# [What this task involves]
Could you transcribe every record below exactly as written, excluding the pictures?

=-=-=-=-=

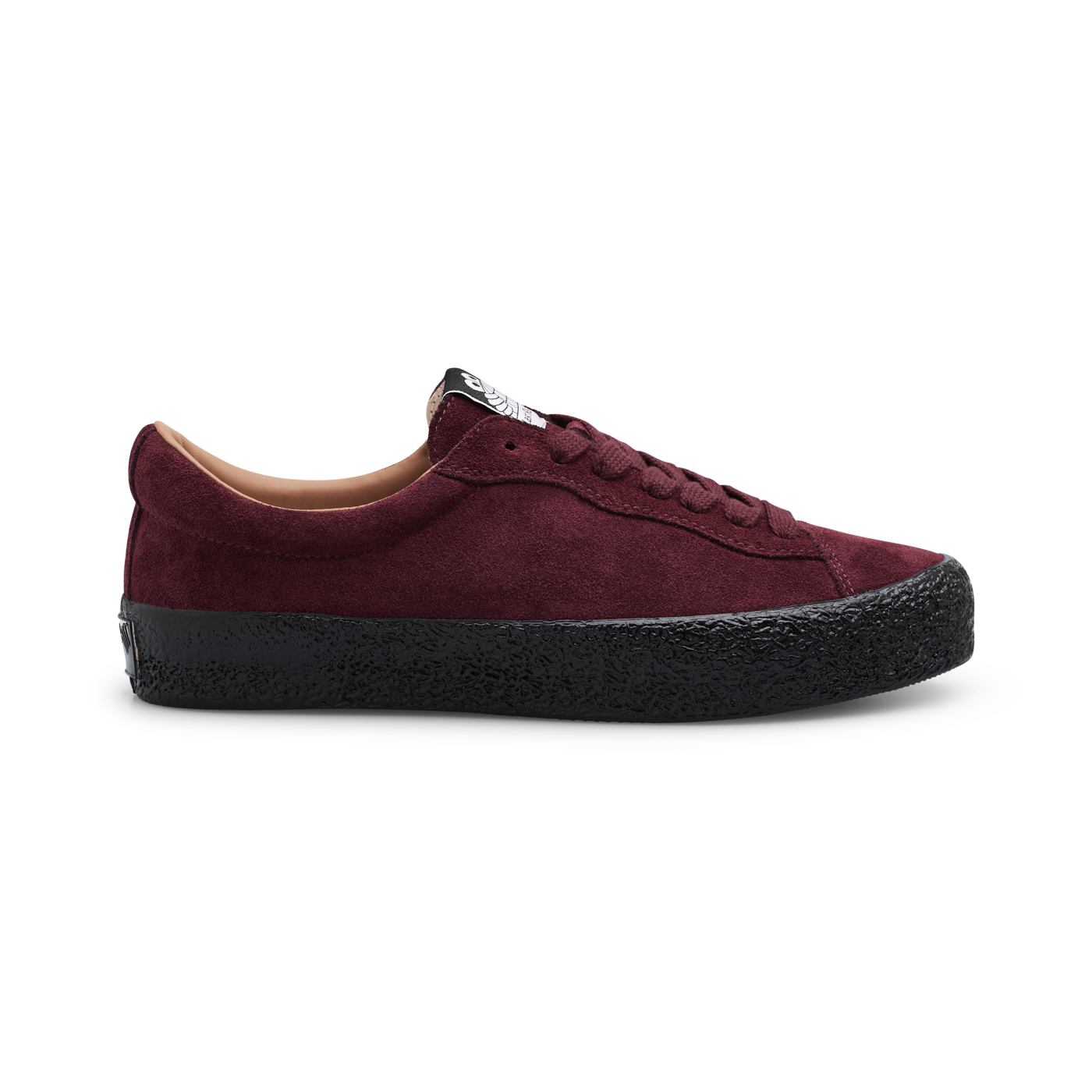 "VM002" SUEDE SHOES (WINE/BLACK)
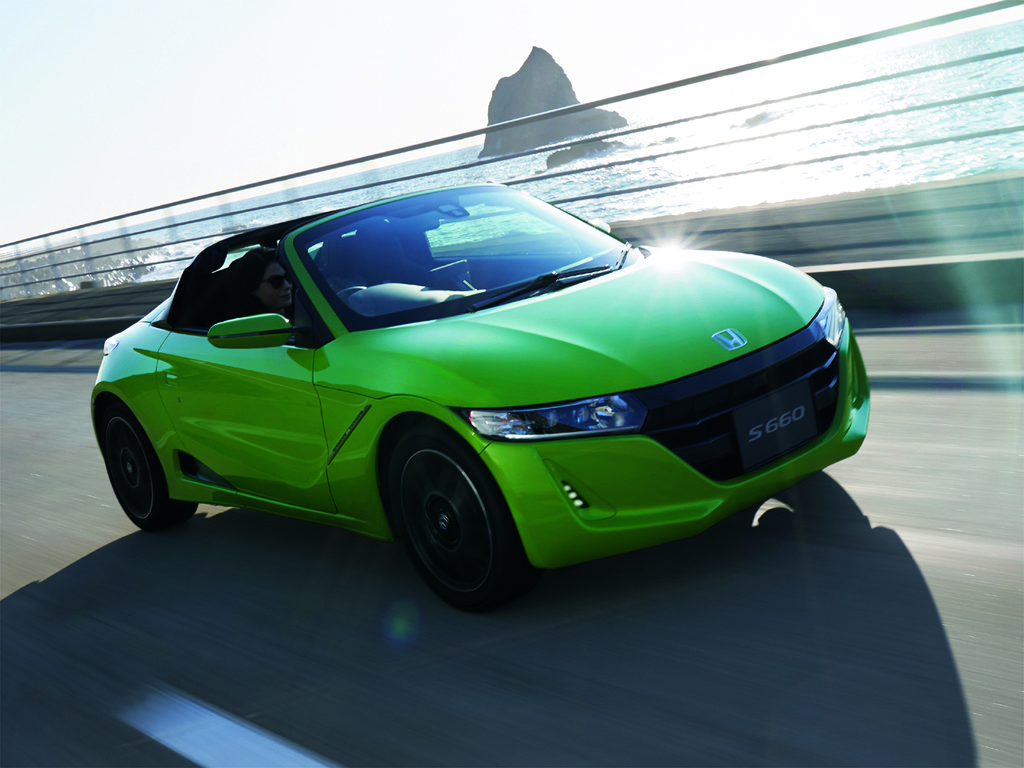 Honda S660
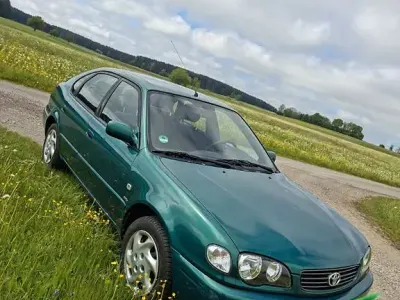 Brugt Toyota Corolla Terra 97 HK (71 kW) 2001 Grøn Sedan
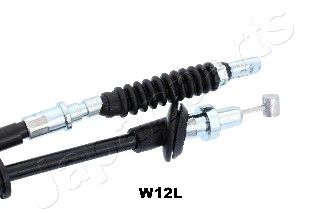 JAPANPARTS Тросик, cтояночный тормоз BC-W12L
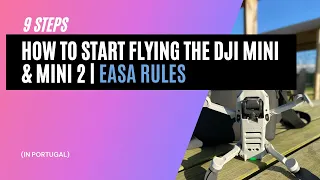 DJI Mini & Mini 2  -  9 steps to legally fly | EASA Rules #dji #mini #mini2 @horizongrid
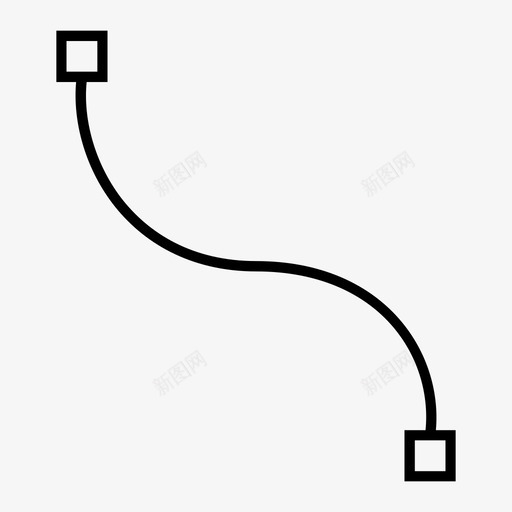 绘图路径工具图标svg_新图网 https://ixintu.com 多边形 形状 笔工具 绘图 路径工具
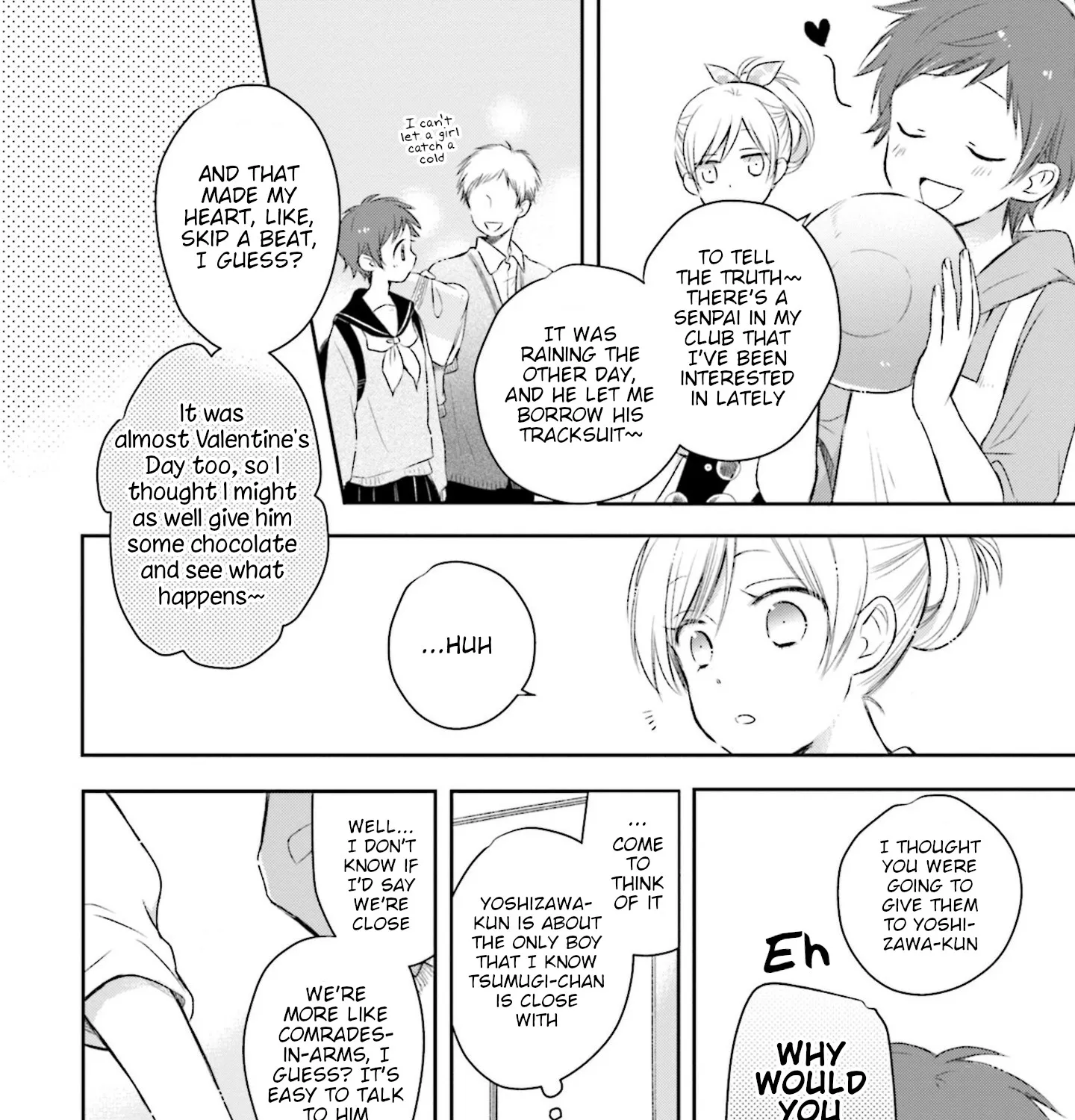 This Love Is Assumption Outside for Fukami Kun Chapter 21 page 7 - MangaKakalot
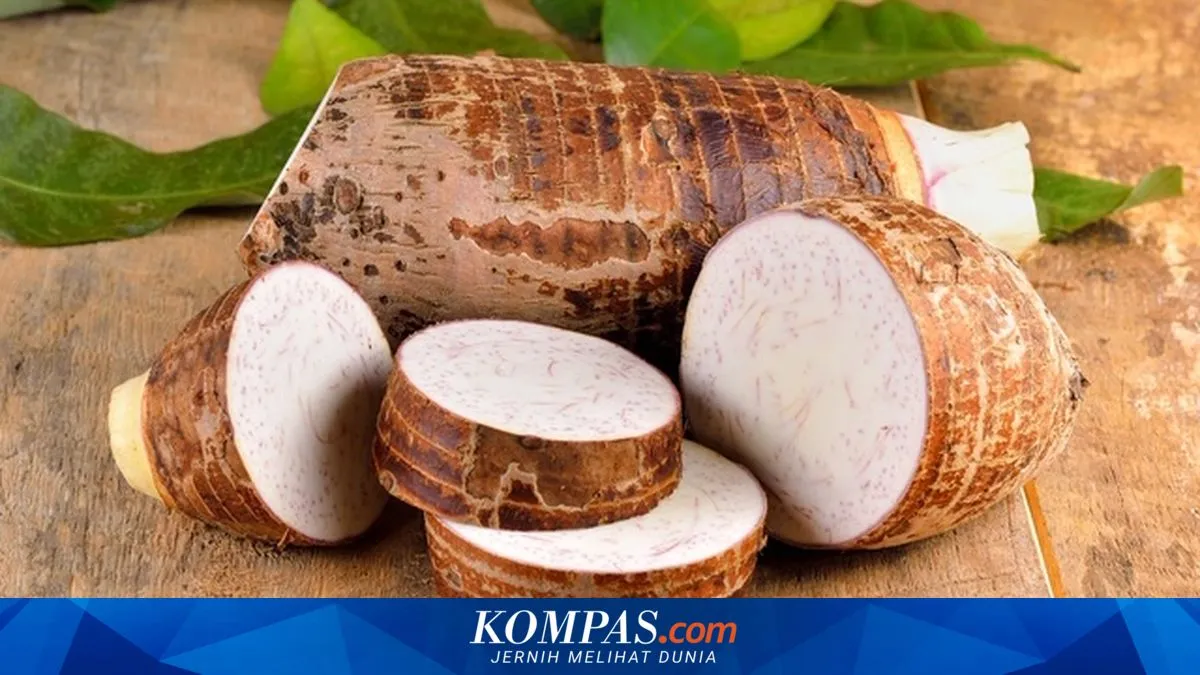 Tiga Cara Mengolah Talas agar Tidak Menimbulkan Rasa Gatal, Menurut Chef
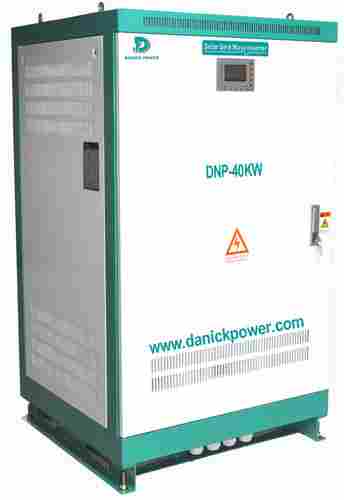 40KW Low Frequency Off Grid Pure Sine Wave Inverter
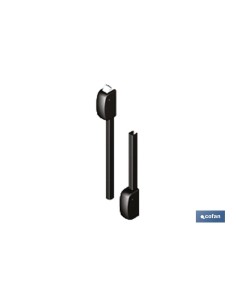 Panic exit device surface mount top/bottom 2 points
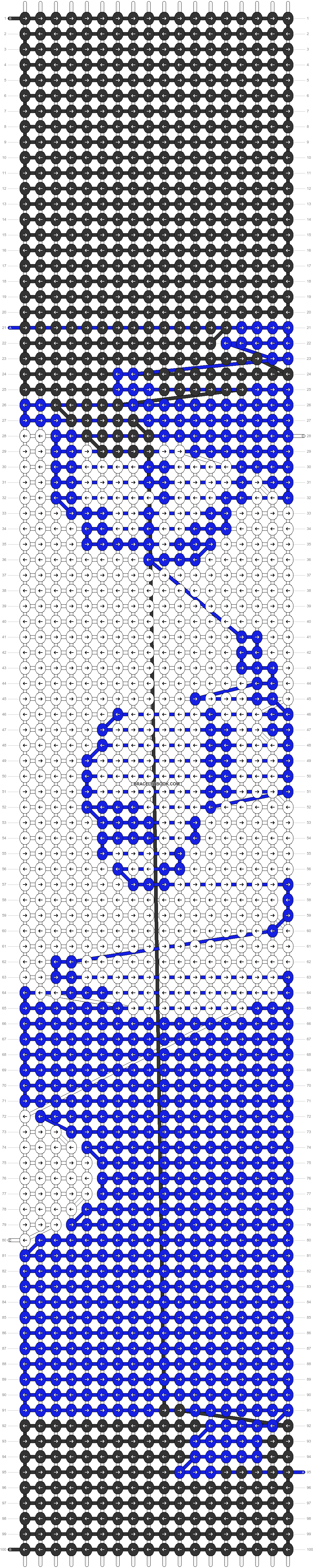 Alpha pattern #31823 variation #21214 pattern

=-=-=-=-=

# [Output of the task]
 "VM002" SUEDE SHOES (WINE/BLACK)
 Honda S660
 Brugt Toyota Corolla Terra 97 HK (71 kW) 2001 Grøn Sedan
 JAPANPARTS Тросик, cтояночный тормоз BC-W12L
 DJI Mini & Mini 2  -  9 steps to legally fly | EASA Rules #dji #mini #mini2 @horizongrid
 绘图路径工具图标svg_新图网 https://ixintu.com 多边形 形状 笔工具 绘图 路径工具
 This Love Is Assumption Outside for Fukami Kun Chapter 21 page 7 - MangaKakalot
 Tiga Cara Mengolah Talas agar Tidak Menimbulkan Rasa Gatal, Menurut Chef
 40KW Low Frequency Off Grid Pure Sine Wave Inverter
 Panic exit device surface mount top/bottom 2 points
 Alpha pattern #31823 variation #21214 pattern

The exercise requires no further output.